DATASET RECORDS |
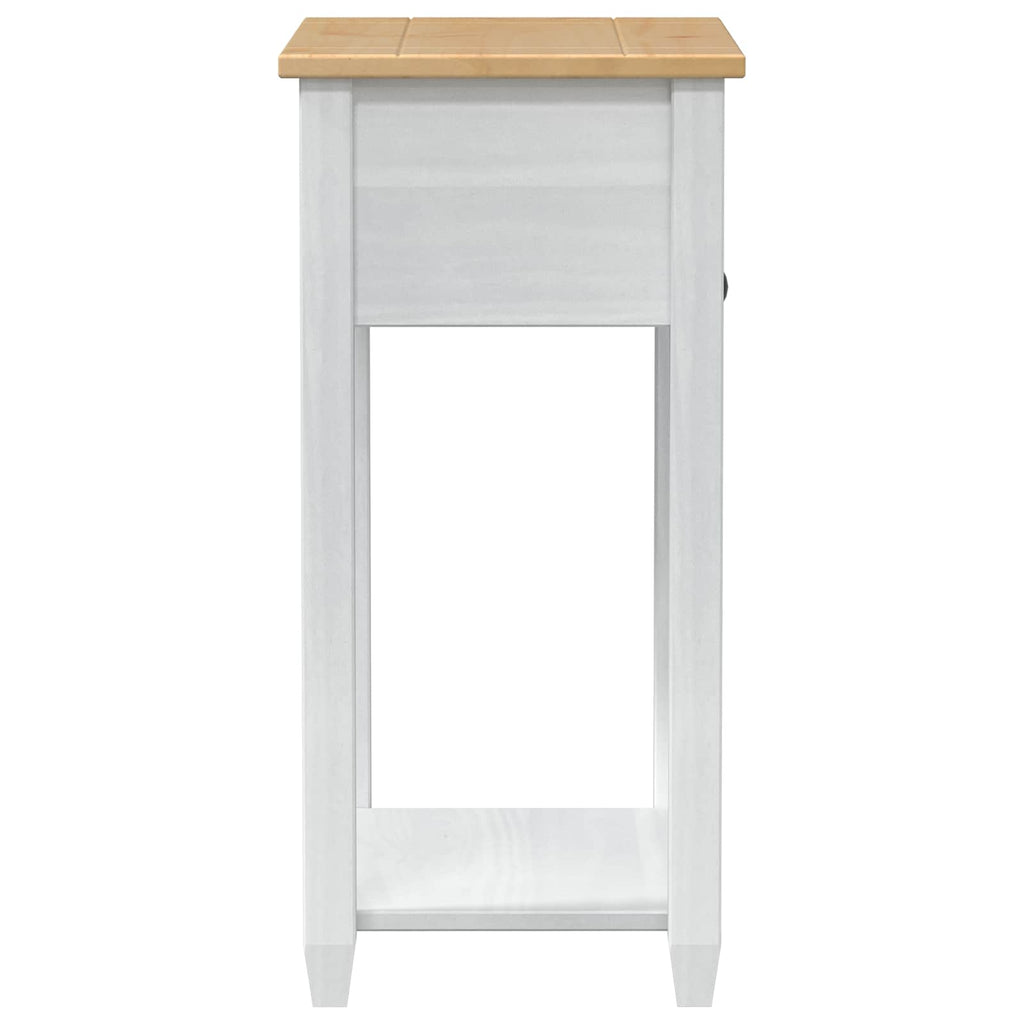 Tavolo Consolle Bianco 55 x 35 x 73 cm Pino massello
==
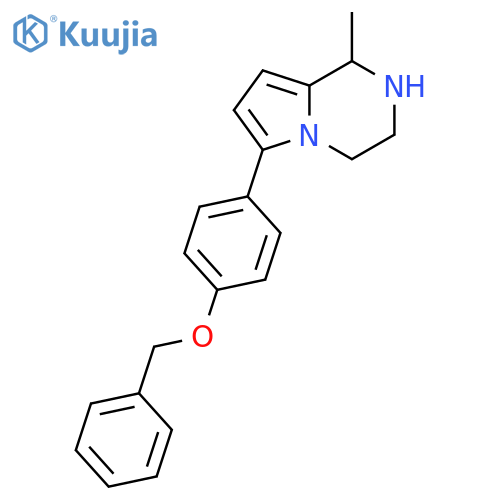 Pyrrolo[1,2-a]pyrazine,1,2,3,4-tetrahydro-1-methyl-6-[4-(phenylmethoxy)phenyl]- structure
...
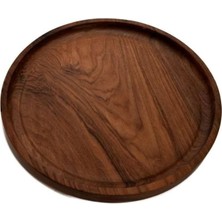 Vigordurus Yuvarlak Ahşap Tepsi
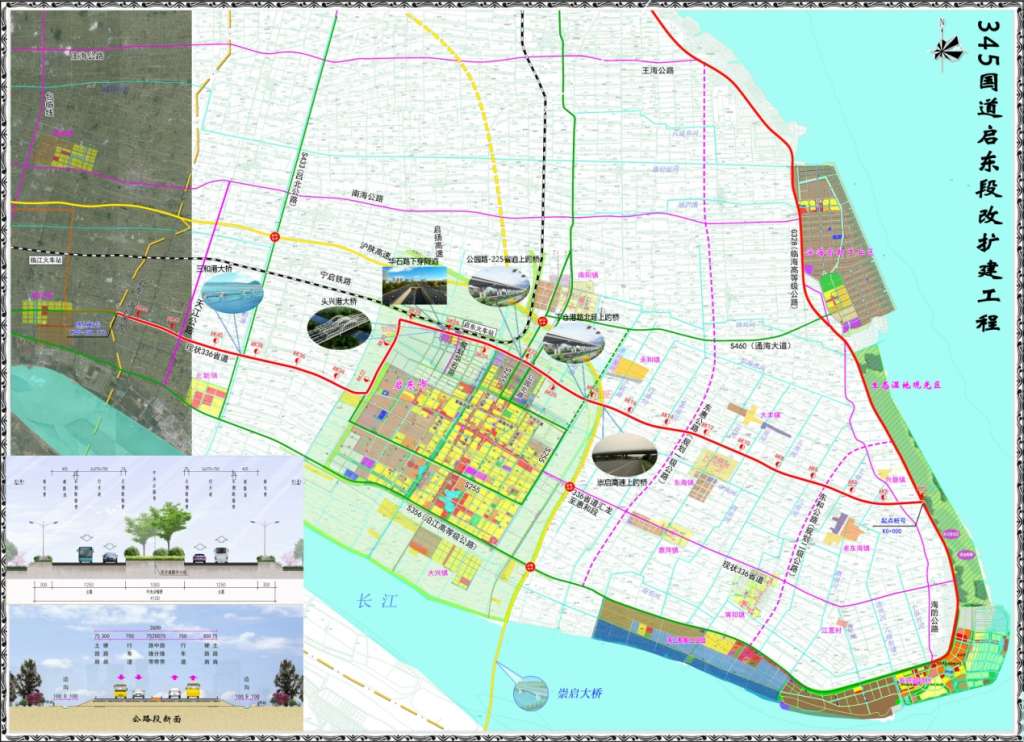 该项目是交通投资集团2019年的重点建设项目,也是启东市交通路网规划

WHAT YOU NEED TO DO | When copying from the data above, print only the lines from the line containing "Vigordurus Yuvarlak Ahşap Tepsi" to the line containing "该项目是交通投资集团2019年的重点建设项目,也是启东市交通路网规划", exactly, and leave the pictures out.

EXERCISE RESULT |
 Vigordurus Yuvarlak Ahşap Tepsi
 该项目是交通投资集团2019年的重点建设项目,也是启东市交通路网规划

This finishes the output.